I did a master's degree in English and waded into a great number of books. It was a chance to wallow in stories and I loved having that opportunity. It was also a chance to read criticism and see what other people were getting out of these books. As a postmodernist, it didn't mean I needed to get the same meaning as they, and if I found what appeared to be flawed logic in criticism it made for a good paper because I had to back up my position with solid illustration of my own close readings and scholarship. All the while, continuing to read on the side and amazed at how ideas can form when you pass one book over another.

There may be book snobs around, but I don't know any of them. I know people who, as I do, slip the dust jacket off of a new hardcover before reading the book, then put it neatly in place afterward, because I have a growing collection of valuable first editions and perhaps this book will become one of those. I'm sitting looking at a copy of a first edition Sinclair Lewis It Can't Happen Here that I haven't read yet, but will, because I think this book's time has come again. Has anyone else read Babbitt? You should--it's funny and engaging and frustrating and a real eye-opener to how we live, still, in the U.S.

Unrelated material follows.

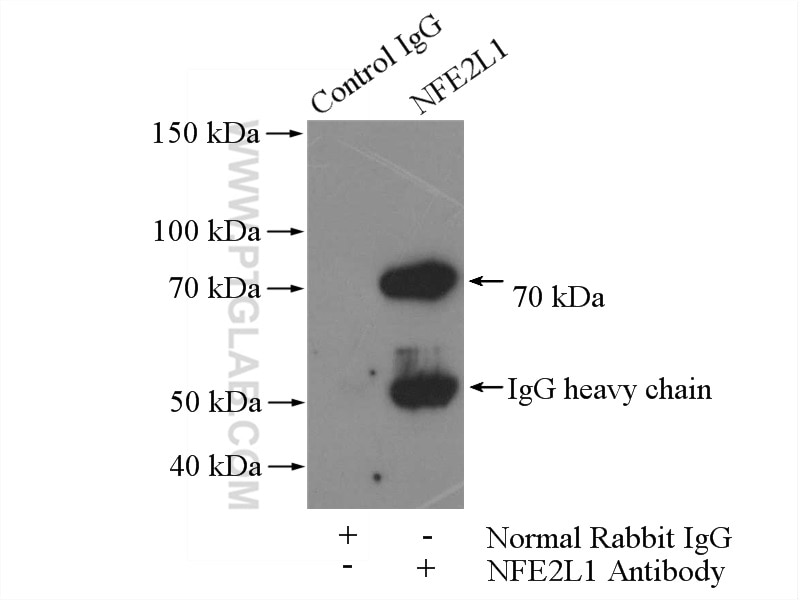 Immunoprecipitation (IP) experiment of mouse skeletal muscle tissue using NFE2L1 Polyclonal antibody (12936-1-AP)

Steinbeck, Hemingway, Cather, there are so many solid American story tellers. And there are the essays. Baily White's Mama Makes Up Her Mind is a little-known (except among listeners of All Things Considered) is one that I've again pulled off of my shelf to reread. Linda Hasselstrom, a friend from years of attending literary conferences, has wonderful collections of women's essays. Crazy Woman Creek: Women Rewrite the American West is back on my bedside after a hiatus when I was reading other things.

I have boxes of books, novels and mysteries, I packed up at my Dad's house after he died, and I have shelves of books that he mailed to me after he finished reading them, because he thought I'd enjoy them. I've hesitated to take any of the boxed books to the used book place because I haven't had a chance to read them and I want to see what he was enjoying. He read fast, and he read every evening in his favorite chair in the corner of the living room over by the window. The next door neighbor finally decided something must be wrong when on a Tuesday evening he hadn't seen my Dad's light on since before the weekend. Dad often times went away for the weekend, but he was never away from his reading for that long. (Tom had been ill himself or he might have realized something was wrong sooner. He was still wheeling an IV around when I next saw him. We think Dad died a week earlier, based on phone and email records).

Dad was a retired reference librarian. He read all of the time. He collected music for 40 years. You can bet that some of the stuff he read fed into his knowledge of the songs he loved.

Not a bad way to spend your life, reading and singing, eh?